● DATASET RECORDS
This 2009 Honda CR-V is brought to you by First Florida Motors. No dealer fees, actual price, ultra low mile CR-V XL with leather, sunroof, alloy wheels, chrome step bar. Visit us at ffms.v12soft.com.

--

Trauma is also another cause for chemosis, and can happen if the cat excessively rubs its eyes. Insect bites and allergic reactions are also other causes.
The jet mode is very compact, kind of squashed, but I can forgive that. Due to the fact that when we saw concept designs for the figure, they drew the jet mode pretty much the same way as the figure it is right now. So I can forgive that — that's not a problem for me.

● WHAT YOU HAVE TO DO
Look through the data above and return exactly the lines from the one that contains "Trauma is also" to the one that contains "The jet mode is", inclusive, with nothing else.

● RESPONSE AREA
Trauma is also another cause for chemosis, and can happen if the cat excessively rubs its eyes. Insect bites and allergic reactions are also other causes.
The jet mode is very compact, kind of squashed, but I can forgive that. Due to the fact that when we saw concept designs for the figure, they drew the jet mode pretty much the same way as the figure it is right now. So I can forgive that — that's not a problem for me.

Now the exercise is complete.